I will switch this (and to) back to -E2BIG -- I must've had a brain-fart
when doing some refactoring.

> 
> > +	if (unlikely(!access_ok(src, usize)))
> > +		return -EFAULT;
> > +
> > +	/* Deal with trailing bytes. */
> > +	if (usize < ksize)
> > +		memset(dst + size, 0, rest);
> > +	else if (usize > ksize) {
> > +		const void __user *addr = src + size;
> > +		char buffer[BUFFER_SIZE] = {};
> 
> Isn't that too big for on-stack?

Is a 64-byte buffer too big? I picked the number "at random" to be the
size of a cache line, but I could shrink it down to 32 bytes if the size
is an issue (I wanted to avoid needless allocations -- hence it being
on-stack).

> > +
> > +		while (rest > 0) {
> > +			size_t bufsize = min(rest, sizeof(buffer));
> > +
> > +			if (__copy_from_user(buffer, addr, bufsize))
> > +				return -EFAULT;
> > +			if (memchr_inv(buffer, 0, bufsize))
> > +				return -E2BIG;
> > +
> > +			addr += bufsize;
> > +			rest -= bufsize;
> > +		}
> 
> The perf implementation uses get_user(); but if that is too slow, surely
> we can do something with uaccess_try() here?

Is there a non-x86-specific way to do that (unless I'm mistaken only x86
has uaccess_try() or the other *_try() wrappers)?

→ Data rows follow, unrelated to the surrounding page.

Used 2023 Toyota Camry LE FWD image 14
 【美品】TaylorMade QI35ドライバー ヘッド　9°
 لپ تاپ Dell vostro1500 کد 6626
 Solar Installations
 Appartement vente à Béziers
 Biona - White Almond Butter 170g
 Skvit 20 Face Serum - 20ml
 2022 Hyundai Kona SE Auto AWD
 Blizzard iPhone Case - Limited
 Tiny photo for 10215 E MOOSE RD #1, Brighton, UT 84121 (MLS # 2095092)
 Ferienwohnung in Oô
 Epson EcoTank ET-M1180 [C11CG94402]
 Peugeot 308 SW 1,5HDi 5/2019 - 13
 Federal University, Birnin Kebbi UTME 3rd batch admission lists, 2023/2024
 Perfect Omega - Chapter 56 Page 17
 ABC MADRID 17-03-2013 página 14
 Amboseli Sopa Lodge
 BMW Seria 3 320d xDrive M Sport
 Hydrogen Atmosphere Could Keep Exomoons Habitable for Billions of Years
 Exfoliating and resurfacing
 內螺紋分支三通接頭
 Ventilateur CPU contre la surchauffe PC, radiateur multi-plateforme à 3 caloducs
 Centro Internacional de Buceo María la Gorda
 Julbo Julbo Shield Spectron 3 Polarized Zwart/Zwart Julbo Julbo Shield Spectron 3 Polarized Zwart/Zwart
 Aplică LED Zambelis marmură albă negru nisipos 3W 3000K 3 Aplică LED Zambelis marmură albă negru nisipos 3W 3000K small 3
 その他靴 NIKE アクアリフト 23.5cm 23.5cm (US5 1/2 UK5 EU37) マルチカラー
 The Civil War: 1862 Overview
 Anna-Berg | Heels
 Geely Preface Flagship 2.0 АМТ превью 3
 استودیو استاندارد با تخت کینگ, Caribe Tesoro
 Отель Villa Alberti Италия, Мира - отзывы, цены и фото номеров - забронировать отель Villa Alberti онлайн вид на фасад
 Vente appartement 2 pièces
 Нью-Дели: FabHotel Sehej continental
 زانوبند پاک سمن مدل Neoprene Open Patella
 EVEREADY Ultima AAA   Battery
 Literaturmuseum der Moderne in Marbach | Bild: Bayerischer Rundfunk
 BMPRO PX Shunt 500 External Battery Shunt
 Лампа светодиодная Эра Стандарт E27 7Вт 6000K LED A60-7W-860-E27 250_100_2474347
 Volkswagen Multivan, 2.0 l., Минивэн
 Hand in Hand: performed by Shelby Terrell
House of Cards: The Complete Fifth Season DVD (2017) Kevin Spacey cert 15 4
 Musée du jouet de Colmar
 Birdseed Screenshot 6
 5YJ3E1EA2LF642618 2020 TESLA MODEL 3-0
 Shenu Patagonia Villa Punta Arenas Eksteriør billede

The main "performance
improvement" (if you can even call it that) is that we use memchr_inv()
which finds non-matching characters more efficiently than just doing a
loop.

> > +	}
> > +	/* Copy the interoperable parts of the struct. */
> > +	if (__copy_from_user(dst, src, size))
> > +		return -EFAULT;
> > +	return 0;
> > +}
> > +EXPORT_SYMBOL(copy_struct_from_user);
> 
> And personally I'm not a big fan of EXPORT_SYMBOL().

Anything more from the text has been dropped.